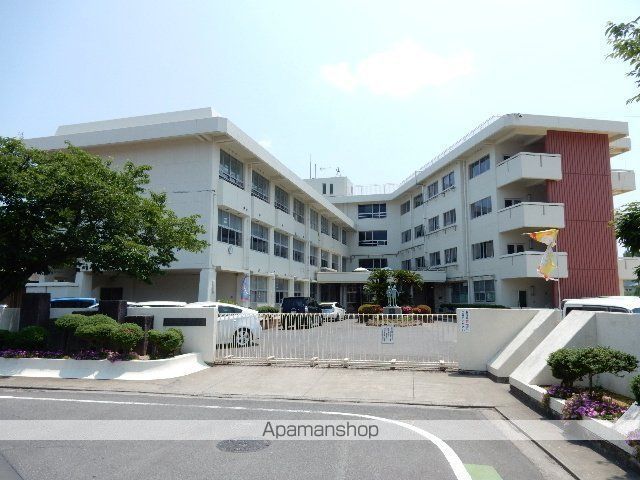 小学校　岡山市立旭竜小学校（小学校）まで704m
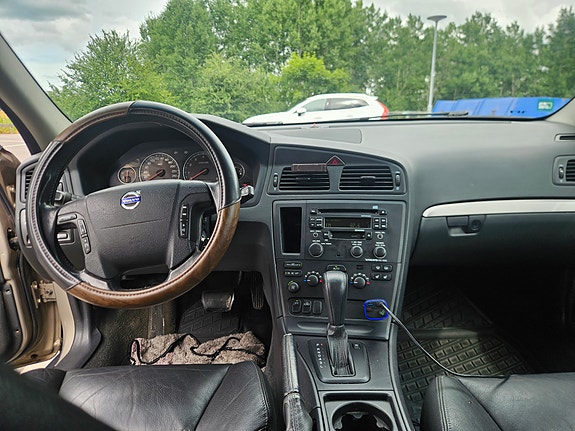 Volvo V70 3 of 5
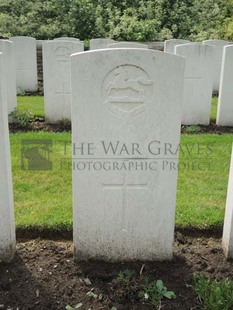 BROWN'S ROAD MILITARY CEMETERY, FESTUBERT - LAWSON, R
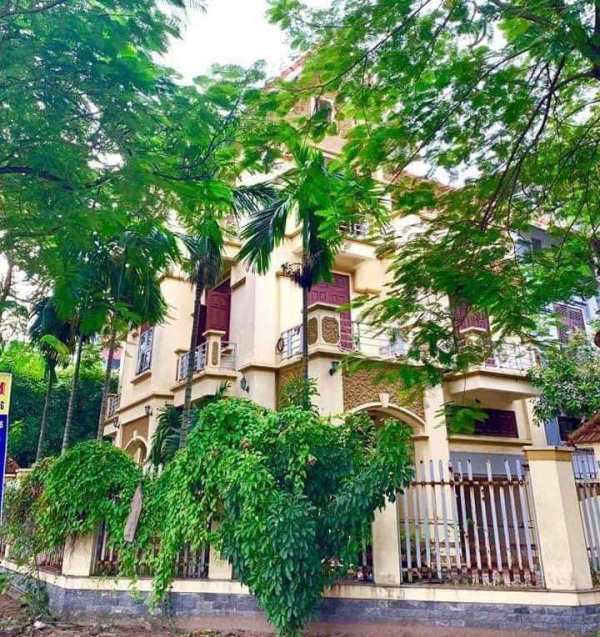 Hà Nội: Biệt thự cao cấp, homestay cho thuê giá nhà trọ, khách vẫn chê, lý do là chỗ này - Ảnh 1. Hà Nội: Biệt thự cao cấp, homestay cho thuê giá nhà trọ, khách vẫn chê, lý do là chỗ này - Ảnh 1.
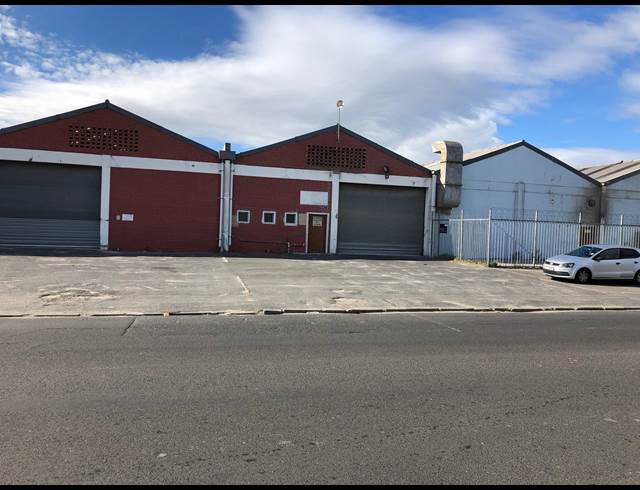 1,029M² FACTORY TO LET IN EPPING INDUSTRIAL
-----
Aim of the task: Output the line that contains "- Ảnh 1. Hà" and every subsequent line through the end of the entries, exactly as given, without pictures.

Task answer:
 Hà Nội: Biệt thự cao cấp, homestay cho thuê giá nhà trọ, khách vẫn chê, lý do là chỗ này - Ảnh 1. Hà Nội: Biệt thự cao cấp, homestay cho thuê giá nhà trọ, khách vẫn chê, lý do là chỗ này - Ảnh 1.
 1,029M² FACTORY TO LET IN EPPING INDUSTRIAL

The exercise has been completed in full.